Ag.com with 10 tips that could help advance your welding skills.

Regards, Mike

http://www.agriculture.com/machinery/tools/welding/10-tips-that-c-advce-your-welding_245-ar29782


----------



## rjmoses (Apr 4, 2010)

Great tips! Thanks

Ralph


----------



## Mike120 (May 4, 2009)

Couple of points that are implied in the article but not said. On Spray Transfer, you can't get there with more than 20% CO2 with the Argon. The 10%/90% is a good compromise but at higher amps you need less CO2. You also need to be using .045 wire.

If you are going to MIG aluminum, save yourself A LOT of grief and invest in a spool gun. Yes, they are expensive, but aluminum wire is just like wet spaghetti and it doesn't push well no matter what kind of liner you have.

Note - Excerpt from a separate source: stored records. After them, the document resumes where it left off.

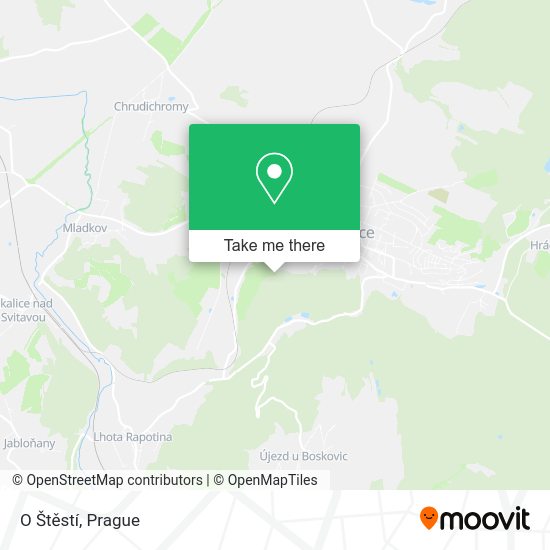 O Štěstí map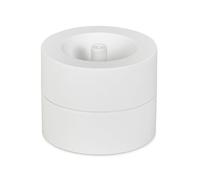 MAUL Portaclips MAULpro Eco Ø7,3x6 cm – más del 85% plástico reciclado – Blanco – Incluye 15 clips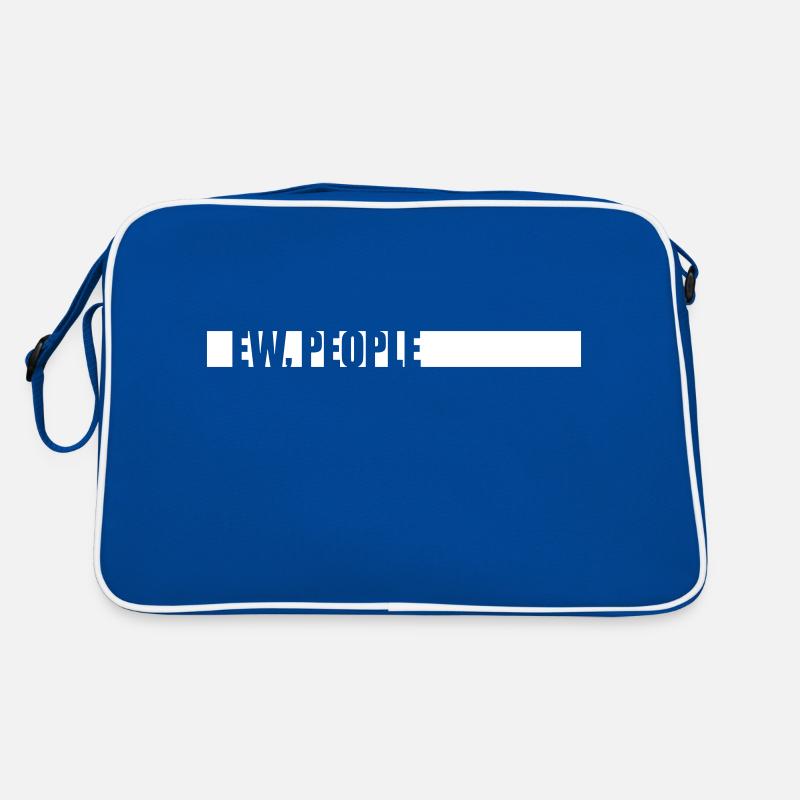 ew people lustiges Zitat Retro Tasche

Don't buy cheap welding wire....Yes, you can weld with Horrible Freight wire, but you'll really see and feel the difference with decent stuff and it's not that much more. I prefer Lincoln or ESAB and use ER70-S6 most of the time. Blow out your liner on a regular basis, especially if you're using copper coated MIG wire.

Have good ventilation! Stainless steel is nasty to weld and metal fume fever is not a joke.

Use the 80/20 rule....spend 80% of your time preparing the metal and 20% welding and cleaning. If you reverse the ratio you'll likely end up with an ugly weld that won't stay stuck.


----------



## mlappin (Jun 25, 2009)

Mike120 said:


> Don't buy cheap welding wire....Yes, you can weld with Horrible Freight wire, but you'll really see and feel the difference with decent stuff and it's not that much more. I prefer Lincoln or ESAB and use ER70-S6 most of the time. Blow out your liner on a regular basis, especially if you're using copper coated MIG wire.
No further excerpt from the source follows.